# High School



## Cora278 (Dec 21, 2012)

Hi. I am looking for a great high school in Canada. Can anyone advise me ? My children are currently following an IB programme in Europe.


----------



## Auld Yin (Mar 10, 2009)

Cora278 said:


> Hi. I am looking for a great high school in Canada. Can anyone advise me ? My children are currently following an IB programme in Europe.


Do you realize what you just aske? Canada is the second largest country in the world and is 6,000km from east to west coast. Do you have a particular location in mind?


----------



## Cora278 (Dec 21, 2012)

*Response*



Auld Yin said:


> Do you realize what you just aske? Canada is the second largest country in the world and is 6,000km from east to west coast. Do you have a particular location in mind?


Yes, i am perfectly aware of the implications of this question. I am simply interested, as stated, in identifying the best high schools in Canada.


----------



## Auld Yin (Mar 10, 2009)

Cora278 said:


> Yes, i am perfectly aware of the implications of this question.

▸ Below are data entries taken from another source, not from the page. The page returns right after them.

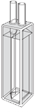 UV/VIS Flow Standard Cell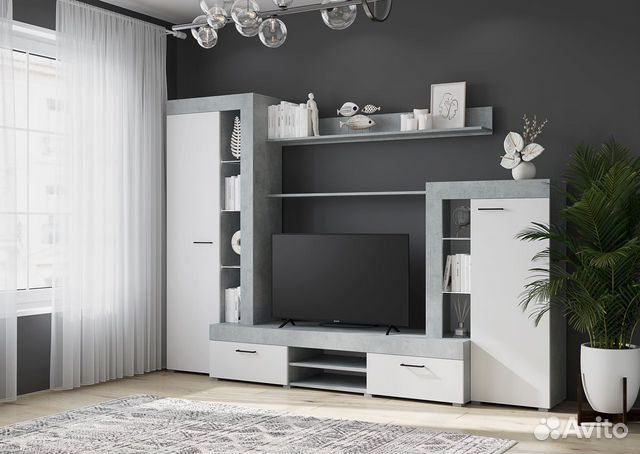 Гостиная. Стенка. Тумба под тв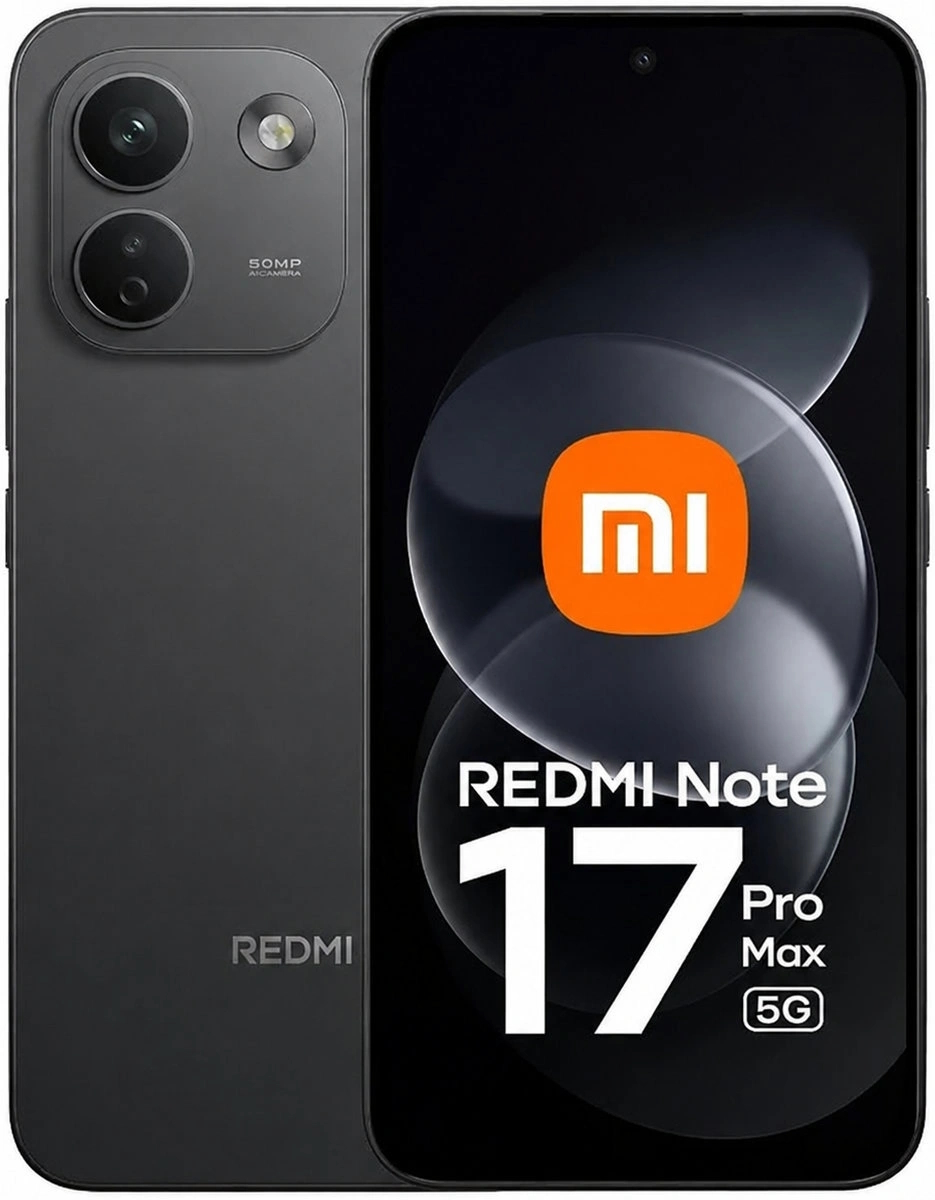 Xiaomi Redmi Note 17 Pro Max 5G 8/256GB Чёрный (Black)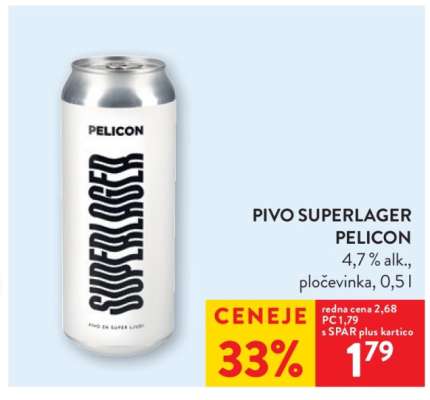 PIVO SUPERLAGER PELICON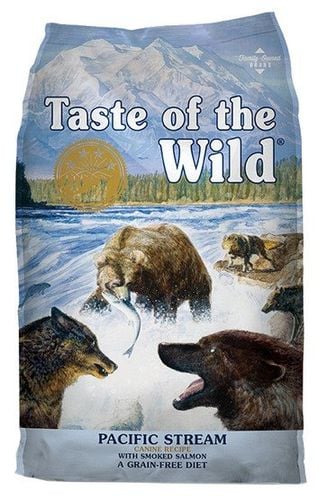 Zdrowa karma bezzbożowa dla psów z mięsem łososia Taste of the Wild 5,6kg na Arena.pl
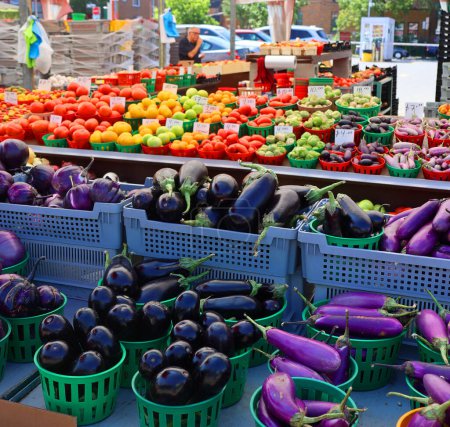 Foto de Verduras en el mercado - Imagen libre de derechos
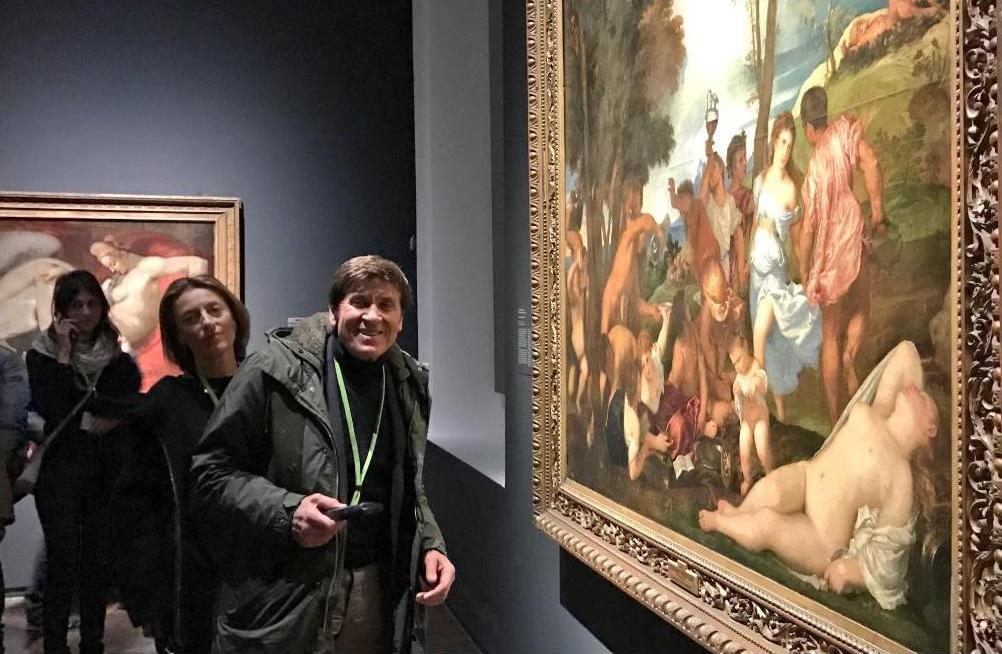 Al Diamanti arriva Gianni Morandi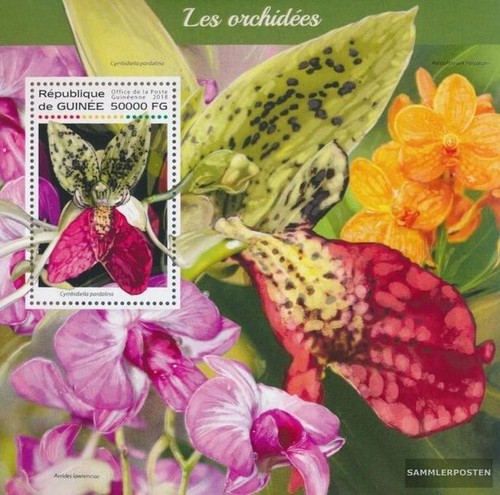 Stamps guinea 2018 - stamps, mi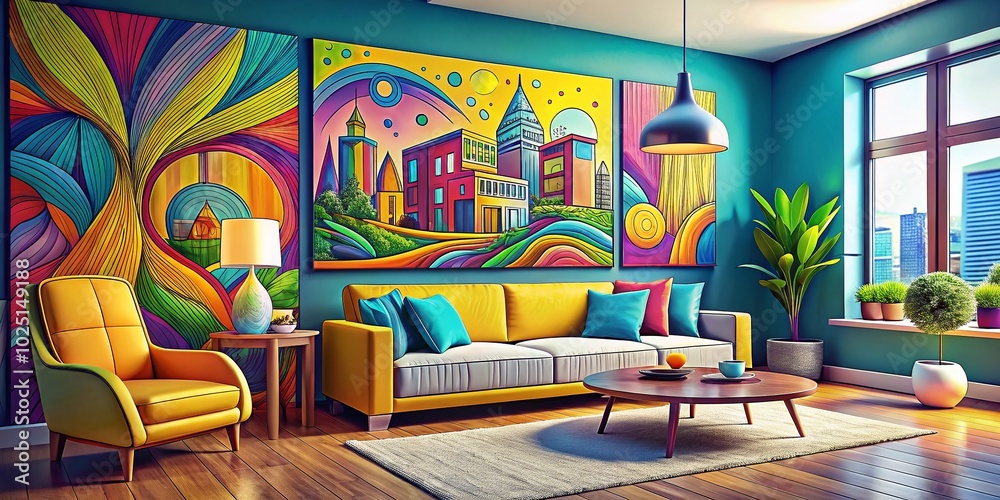 Elegant Line Art Designs: Minimalist Illustrations for Modern Decor and Creative Projects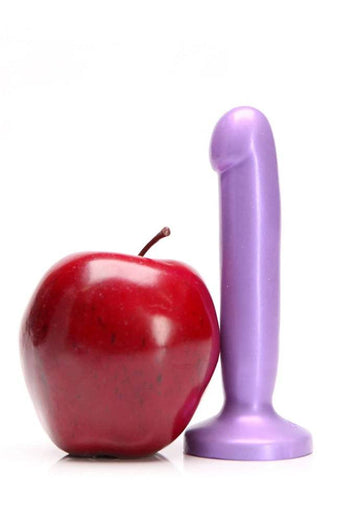 Tantus - Starter Beginner Silicone Dildo - Purple - Stag Shop
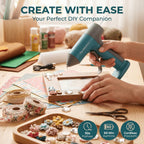 Rechargeable Hot Glue Gun detail view 11 for Australian shoppers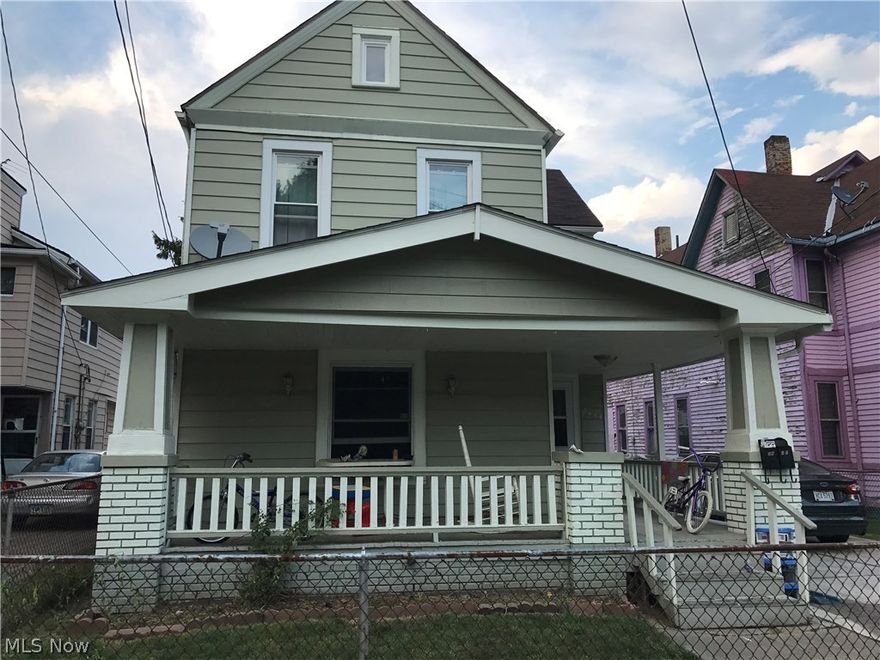 Insulated large double with great cash flow!  Perfect to live in or as an investment; newer roof, windows, and driveway.  Painted throughout, nothing to do but collect rent.  Separate utilities. 24 hour notice to show - tenant occupied.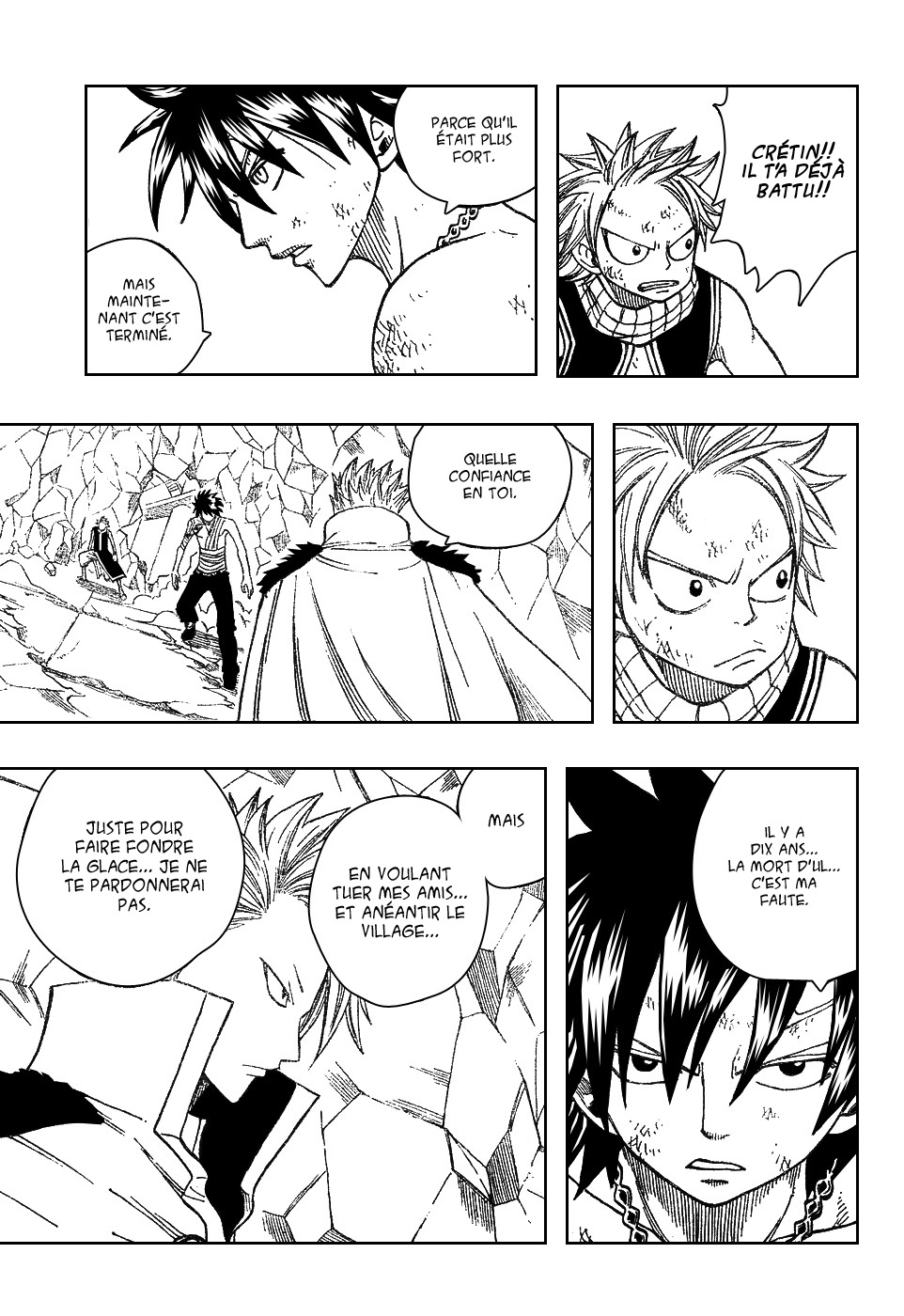 Read Fairy Tail FR Manga Online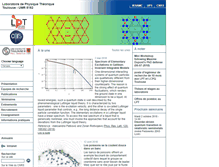 Tablet Screenshot of lpt.ups-tlse.fr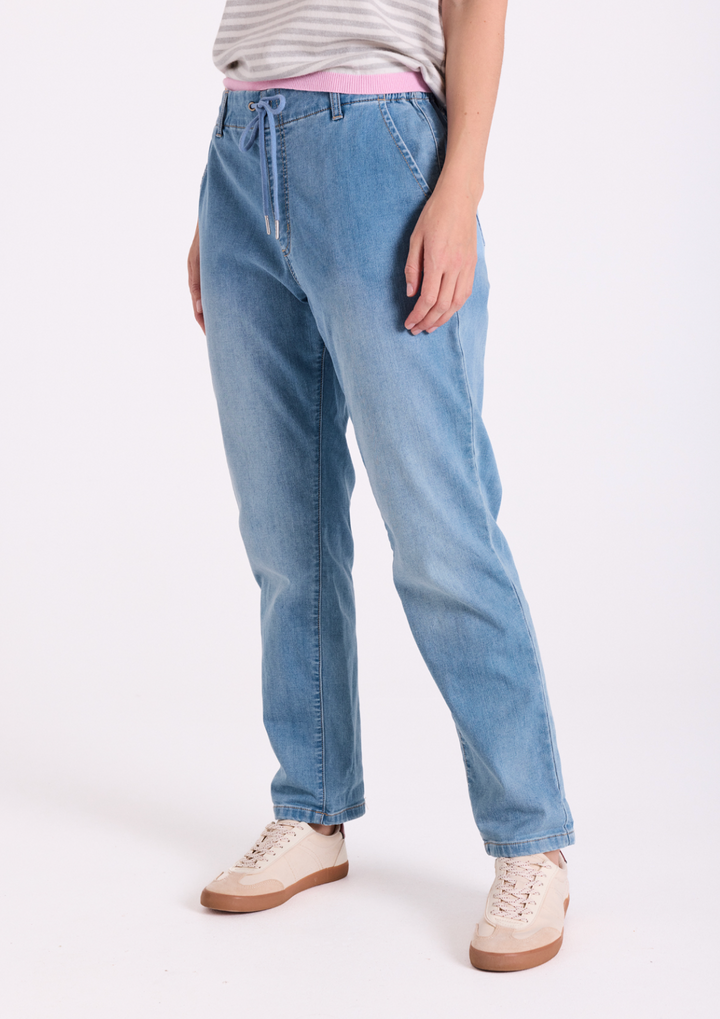 Freequent - FQMARVIN - Bukser - Lysblå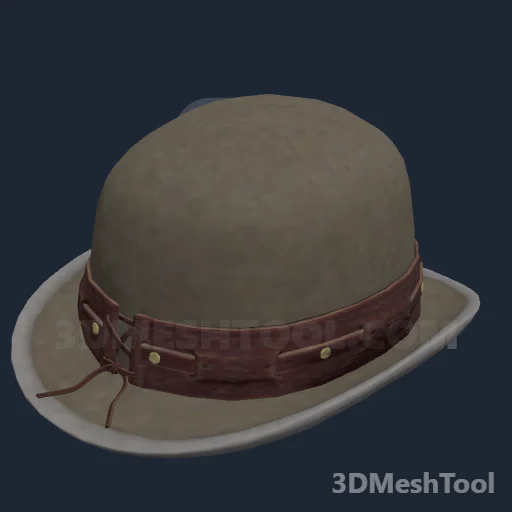 CLOTHING_HL_PLAYER_HAT_028_7: foto do modelo no RedM (RDR2)
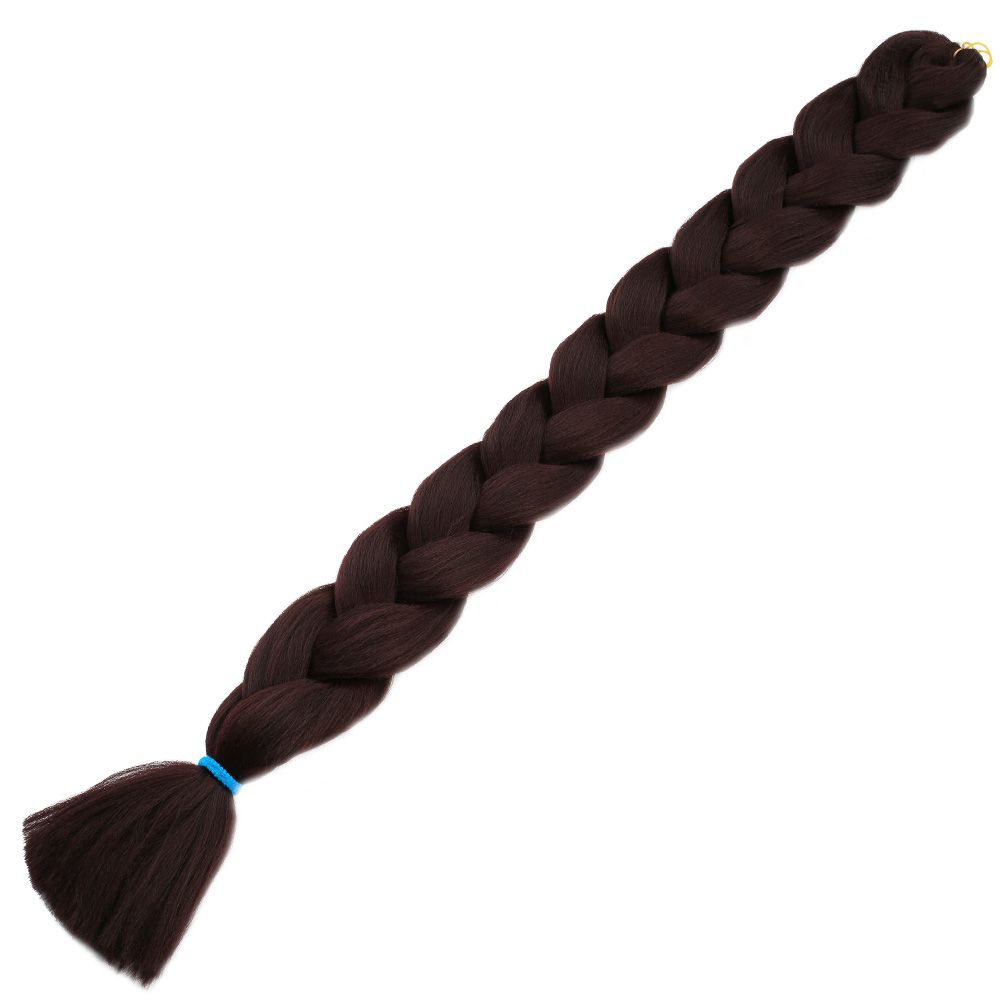 Synthetic Braiding Hair Esperer 100 Gr. / Red Brown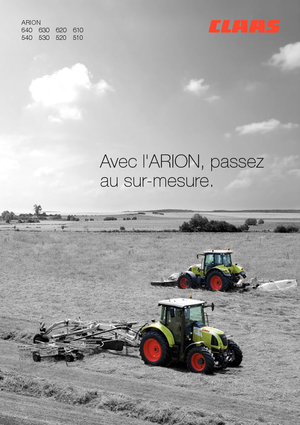 Allrad-Traktoren Claas Arion 530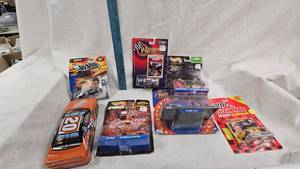 lot 65 image: Assorted Lot of Nascar HotwheelsMatchbox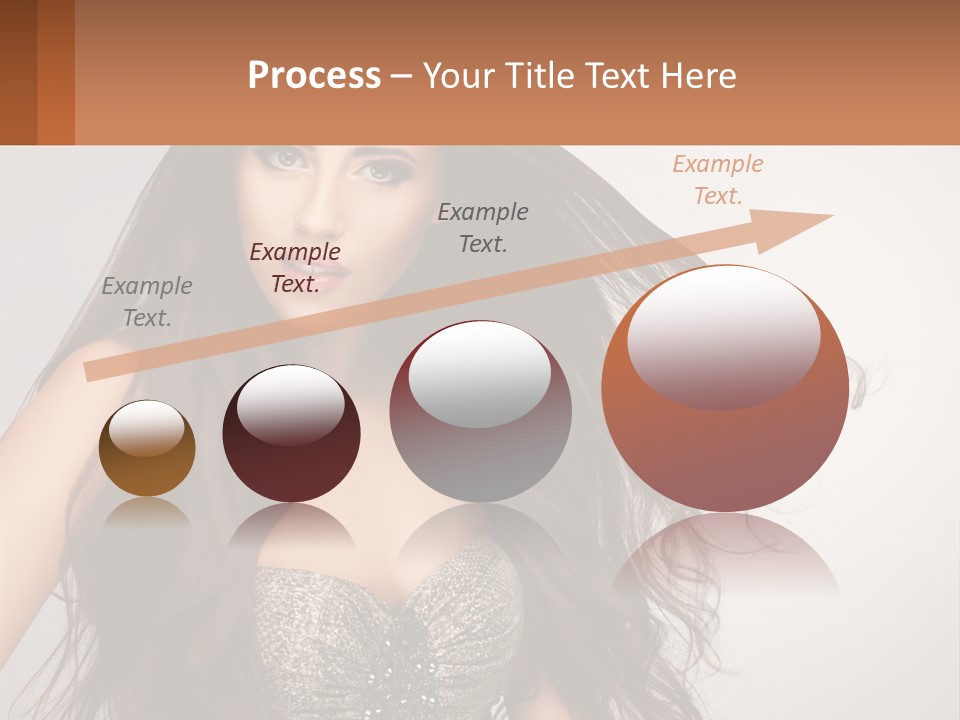 Technology Electric White PowerPoint Template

I am simply interested, as stated, in identifying the best high schools in Canada.


School Report Cards by Fraser Institute


----------



## EVHB (Feb 11, 2008)

What is 'the best' high school? The one where most of the students are science oriented? Or the one with the emphasis on art? Or one where they offer a lot of business courses? Or AP classes? Or co-op programs? The one with lots of international students? The one with almost only 'Canadians'? ... (and I can go on and on).
What is a good school for my kinds doesn't have to be a good school for your kids.

Are you looking for public or private school?


----------



## preeti22 (Jan 3, 2013)

Académie Ste. Cecile International School in Ontario & Ashbury College in Ottawa, Ontario are both outstanding schools in Canada provide students good quality of education


----------